Dear Systems Thinker,Just as the Lean waters have gotten muddied - correction, they were always muddy. A "paper tiger" of copying the Japanese/Toyota through tools and shallow thinking.
"Systems thinking" has now become a phrase associated with copying and those that believe they too can be just like Vanguard. So, we abandon "systems thinking" in favor of the Vanguard Method (tVM).
Why the change? Recently, I ran into some folks claiming systems thinking. When I looked at what they had done, it was process improvement. And so the muddies are watered from observers of the system (rather than participants) that can speak the language, but not understand the systemic management issues that need to be changed. This is dangerous.

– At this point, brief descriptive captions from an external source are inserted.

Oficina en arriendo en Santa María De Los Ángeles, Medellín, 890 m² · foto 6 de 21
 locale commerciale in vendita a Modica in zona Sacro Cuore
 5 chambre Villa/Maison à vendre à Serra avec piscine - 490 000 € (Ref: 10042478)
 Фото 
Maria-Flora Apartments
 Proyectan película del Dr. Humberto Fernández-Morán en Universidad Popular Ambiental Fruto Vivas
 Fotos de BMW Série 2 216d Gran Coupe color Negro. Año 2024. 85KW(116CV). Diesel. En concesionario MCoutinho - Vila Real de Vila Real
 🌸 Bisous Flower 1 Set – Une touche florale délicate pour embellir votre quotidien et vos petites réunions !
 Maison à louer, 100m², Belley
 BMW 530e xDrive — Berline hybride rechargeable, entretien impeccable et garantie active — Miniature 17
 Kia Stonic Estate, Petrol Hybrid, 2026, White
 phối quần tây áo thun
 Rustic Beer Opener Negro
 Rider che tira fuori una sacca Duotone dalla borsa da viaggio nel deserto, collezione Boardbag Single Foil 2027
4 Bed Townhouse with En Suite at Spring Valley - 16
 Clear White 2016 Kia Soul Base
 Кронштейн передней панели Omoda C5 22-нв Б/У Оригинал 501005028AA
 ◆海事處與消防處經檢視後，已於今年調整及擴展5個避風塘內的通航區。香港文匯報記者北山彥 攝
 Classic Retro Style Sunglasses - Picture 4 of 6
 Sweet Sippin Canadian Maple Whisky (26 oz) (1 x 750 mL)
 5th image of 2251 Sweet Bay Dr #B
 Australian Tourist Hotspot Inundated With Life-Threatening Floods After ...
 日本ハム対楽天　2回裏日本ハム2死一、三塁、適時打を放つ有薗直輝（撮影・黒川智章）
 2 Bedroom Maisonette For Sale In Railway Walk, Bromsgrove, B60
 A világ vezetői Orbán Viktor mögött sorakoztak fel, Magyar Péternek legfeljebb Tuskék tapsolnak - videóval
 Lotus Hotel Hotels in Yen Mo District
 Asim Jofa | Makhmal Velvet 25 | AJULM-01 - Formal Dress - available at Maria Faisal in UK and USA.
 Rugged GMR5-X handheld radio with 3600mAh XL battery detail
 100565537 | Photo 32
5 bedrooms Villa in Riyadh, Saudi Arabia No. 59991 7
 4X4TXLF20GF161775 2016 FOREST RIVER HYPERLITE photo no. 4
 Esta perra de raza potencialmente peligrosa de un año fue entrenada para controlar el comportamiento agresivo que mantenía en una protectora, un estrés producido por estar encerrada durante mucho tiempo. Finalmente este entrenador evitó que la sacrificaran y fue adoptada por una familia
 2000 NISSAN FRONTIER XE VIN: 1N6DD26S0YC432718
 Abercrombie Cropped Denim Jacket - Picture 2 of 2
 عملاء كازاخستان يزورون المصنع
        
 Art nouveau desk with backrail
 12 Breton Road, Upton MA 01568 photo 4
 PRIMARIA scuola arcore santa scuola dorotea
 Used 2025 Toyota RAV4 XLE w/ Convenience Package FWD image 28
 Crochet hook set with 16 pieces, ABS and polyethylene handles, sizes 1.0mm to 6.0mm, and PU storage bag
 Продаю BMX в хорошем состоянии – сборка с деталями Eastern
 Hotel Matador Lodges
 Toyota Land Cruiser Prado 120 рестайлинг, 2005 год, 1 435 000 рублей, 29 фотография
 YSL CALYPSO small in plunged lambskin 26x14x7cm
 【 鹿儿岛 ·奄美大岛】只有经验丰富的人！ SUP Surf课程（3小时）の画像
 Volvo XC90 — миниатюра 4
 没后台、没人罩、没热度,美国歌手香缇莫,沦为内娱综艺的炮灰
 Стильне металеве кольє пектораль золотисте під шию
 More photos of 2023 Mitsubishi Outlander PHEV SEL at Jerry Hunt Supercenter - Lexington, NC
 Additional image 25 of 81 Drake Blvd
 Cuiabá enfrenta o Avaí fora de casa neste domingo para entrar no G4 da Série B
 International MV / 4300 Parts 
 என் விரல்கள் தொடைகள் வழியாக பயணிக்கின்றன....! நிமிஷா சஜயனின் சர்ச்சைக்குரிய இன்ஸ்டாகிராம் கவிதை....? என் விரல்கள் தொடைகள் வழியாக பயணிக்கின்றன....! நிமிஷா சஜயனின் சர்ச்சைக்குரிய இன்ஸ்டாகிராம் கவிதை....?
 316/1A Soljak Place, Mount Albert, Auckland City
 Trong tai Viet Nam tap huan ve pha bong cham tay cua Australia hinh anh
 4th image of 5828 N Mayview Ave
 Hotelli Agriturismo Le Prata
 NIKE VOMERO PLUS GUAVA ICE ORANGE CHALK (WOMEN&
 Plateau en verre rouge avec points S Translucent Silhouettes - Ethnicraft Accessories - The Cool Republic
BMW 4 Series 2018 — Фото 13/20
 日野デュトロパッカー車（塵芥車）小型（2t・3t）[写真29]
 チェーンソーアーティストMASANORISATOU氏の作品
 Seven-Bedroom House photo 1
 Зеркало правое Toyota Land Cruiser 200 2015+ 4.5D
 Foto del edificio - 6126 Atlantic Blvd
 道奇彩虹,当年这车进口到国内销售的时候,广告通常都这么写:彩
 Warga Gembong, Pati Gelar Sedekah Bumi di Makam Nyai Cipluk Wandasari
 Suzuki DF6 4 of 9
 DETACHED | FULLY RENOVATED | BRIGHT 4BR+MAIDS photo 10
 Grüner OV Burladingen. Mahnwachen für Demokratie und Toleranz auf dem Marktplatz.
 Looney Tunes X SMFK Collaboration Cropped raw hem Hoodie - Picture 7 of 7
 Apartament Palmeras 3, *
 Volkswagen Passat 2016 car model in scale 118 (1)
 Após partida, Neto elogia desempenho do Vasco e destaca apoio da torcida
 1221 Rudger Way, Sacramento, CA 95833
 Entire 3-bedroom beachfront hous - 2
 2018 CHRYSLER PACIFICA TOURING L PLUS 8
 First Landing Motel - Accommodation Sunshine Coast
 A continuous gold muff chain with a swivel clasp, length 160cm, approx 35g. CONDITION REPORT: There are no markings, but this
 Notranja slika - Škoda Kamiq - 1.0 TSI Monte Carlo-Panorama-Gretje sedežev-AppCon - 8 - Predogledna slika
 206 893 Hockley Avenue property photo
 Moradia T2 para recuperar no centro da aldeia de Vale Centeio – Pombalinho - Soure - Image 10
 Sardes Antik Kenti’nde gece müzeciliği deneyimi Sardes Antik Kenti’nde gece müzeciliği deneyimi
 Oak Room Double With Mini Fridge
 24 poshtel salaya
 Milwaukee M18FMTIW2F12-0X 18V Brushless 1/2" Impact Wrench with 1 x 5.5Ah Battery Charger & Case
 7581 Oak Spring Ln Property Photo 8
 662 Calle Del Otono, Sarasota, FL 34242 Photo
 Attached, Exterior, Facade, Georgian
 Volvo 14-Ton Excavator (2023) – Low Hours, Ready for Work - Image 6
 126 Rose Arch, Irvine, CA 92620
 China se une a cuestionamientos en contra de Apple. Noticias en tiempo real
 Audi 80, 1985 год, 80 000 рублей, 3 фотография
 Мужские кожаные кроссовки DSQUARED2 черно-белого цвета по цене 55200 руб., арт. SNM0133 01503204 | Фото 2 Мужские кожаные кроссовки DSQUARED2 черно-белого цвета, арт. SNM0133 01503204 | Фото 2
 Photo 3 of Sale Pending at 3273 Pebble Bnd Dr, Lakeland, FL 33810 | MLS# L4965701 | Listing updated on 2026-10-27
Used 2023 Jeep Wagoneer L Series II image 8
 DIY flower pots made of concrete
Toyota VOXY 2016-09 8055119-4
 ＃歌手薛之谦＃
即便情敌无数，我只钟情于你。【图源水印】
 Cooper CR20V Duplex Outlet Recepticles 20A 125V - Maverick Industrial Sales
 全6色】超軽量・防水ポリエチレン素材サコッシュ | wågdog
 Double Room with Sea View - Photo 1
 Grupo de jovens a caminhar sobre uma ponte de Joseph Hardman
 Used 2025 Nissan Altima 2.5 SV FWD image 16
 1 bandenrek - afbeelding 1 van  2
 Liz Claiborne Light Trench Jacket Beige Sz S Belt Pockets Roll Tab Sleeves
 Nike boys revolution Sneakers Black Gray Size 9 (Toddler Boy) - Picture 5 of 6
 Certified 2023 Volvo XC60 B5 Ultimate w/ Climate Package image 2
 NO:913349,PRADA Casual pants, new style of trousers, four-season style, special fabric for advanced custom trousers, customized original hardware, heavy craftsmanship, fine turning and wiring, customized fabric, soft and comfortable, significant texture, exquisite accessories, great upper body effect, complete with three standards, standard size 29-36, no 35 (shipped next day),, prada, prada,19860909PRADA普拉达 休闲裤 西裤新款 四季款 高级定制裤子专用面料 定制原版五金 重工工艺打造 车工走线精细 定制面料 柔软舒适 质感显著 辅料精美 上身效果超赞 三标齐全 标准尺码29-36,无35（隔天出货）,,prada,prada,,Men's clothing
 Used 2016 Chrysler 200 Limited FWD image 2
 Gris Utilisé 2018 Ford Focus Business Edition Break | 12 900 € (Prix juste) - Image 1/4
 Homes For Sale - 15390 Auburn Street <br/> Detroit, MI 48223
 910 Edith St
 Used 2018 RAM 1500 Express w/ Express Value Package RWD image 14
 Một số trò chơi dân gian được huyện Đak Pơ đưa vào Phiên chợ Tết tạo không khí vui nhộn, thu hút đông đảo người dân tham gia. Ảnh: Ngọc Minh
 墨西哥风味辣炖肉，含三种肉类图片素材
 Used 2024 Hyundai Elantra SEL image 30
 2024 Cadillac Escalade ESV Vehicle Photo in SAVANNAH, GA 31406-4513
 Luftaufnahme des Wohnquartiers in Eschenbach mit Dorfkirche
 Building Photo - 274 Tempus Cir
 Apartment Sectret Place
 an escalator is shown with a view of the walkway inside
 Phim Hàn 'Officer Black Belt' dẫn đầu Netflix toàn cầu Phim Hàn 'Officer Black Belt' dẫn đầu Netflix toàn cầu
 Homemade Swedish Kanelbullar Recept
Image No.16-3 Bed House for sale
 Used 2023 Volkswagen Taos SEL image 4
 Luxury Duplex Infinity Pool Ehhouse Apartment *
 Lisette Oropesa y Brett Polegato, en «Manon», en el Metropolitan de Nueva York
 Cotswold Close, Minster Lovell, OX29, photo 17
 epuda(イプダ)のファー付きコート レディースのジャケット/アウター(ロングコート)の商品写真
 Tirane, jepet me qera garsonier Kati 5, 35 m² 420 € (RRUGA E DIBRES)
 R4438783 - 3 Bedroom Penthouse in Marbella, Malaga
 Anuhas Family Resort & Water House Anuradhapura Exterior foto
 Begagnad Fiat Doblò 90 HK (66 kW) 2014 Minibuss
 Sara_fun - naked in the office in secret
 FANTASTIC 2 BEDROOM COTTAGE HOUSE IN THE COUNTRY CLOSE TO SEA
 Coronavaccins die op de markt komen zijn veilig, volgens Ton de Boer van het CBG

For those of you knowing my lifetime pursuit for a method that is comprehensive and sustainable, why this method offers any service or government organization something that the others have not . . . delivery of systemic change using all of Dr. Deming's System of Profound Knowledge - Appreciation for a System, Theory of Variation, Theory of Knowledge and (especially) Psychology. The Vanguard Method covers them all and continues refinement, so why do organizations want to engage those that can only copy? New thinking can't emerge from copiers - they are always a step behind.
The Vanguard Method will challenge both worker and management. It serves as a warning label, so the weak can self select themselves into other improvement programs. Just don't call it the Vanguard Method.